# Data Visualization Assignment 1 - Jesper Provoost (s1789198)

From the Worldbank Data, I have chosen the dataset about access to electricity as my base dataset. This dataset contains the percentage of a population that has access to electricity. I was very curious about this indicator and its possible correlations with other datasets.

Firstly, I had to wrangle and clean the data since it was not properly formatted. Also, there were some missing (NaN) values. I did this using the Trifacta Wrangler software.To explore the possible causalities and connections with other data, I added some other datasets from Worldbank (i.e. about GDP/capita, urban population and renewable energy usage) to the electricity access dataset. The wrangled datasets were combined, and then exported in CSV format using the Trifacta software.

### *Access to electricity is not a universal privilege*

To explore the electricity access data per country, I imported the dataset into Tableau. Then I created a world map which shows the percentage of population which has access to electricity per country. To the viewer, this map is functional, since it is easy to find the areas where electricity access is low and where it is high.
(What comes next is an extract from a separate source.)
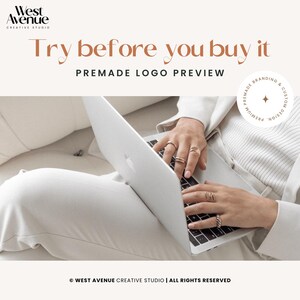 May include: A person using a laptop, wearing rings, with the text "Try before you buy it" and "PREMADE LOGO PREVIEW". The image also includes the West Avenue Creative Studio logo and copyright information.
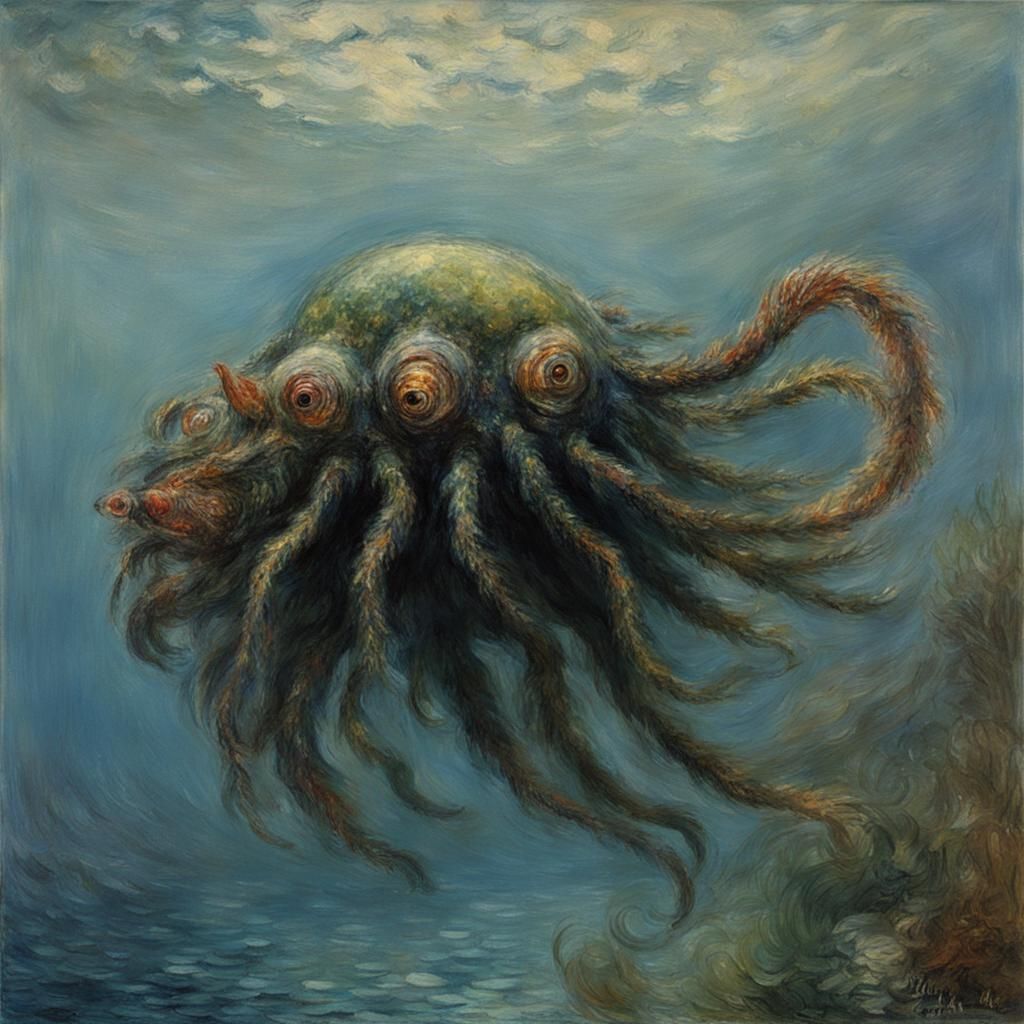 Deep Sea Creature in Impressionist Style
Since the dataset contains all countries of the world, a world map is an ideal way to visualize the percentages per country. For the viewers, it is insightful to see that all countries with low electricity access are located around the equator. In the western countries like The Netherlands, we take the availability of electricity for granted. It is enlightning for viewers to see that the availability of electricity is almost zero in a significant amount of countries. It will make them realize that access to electricity is definitely not a universal privilige.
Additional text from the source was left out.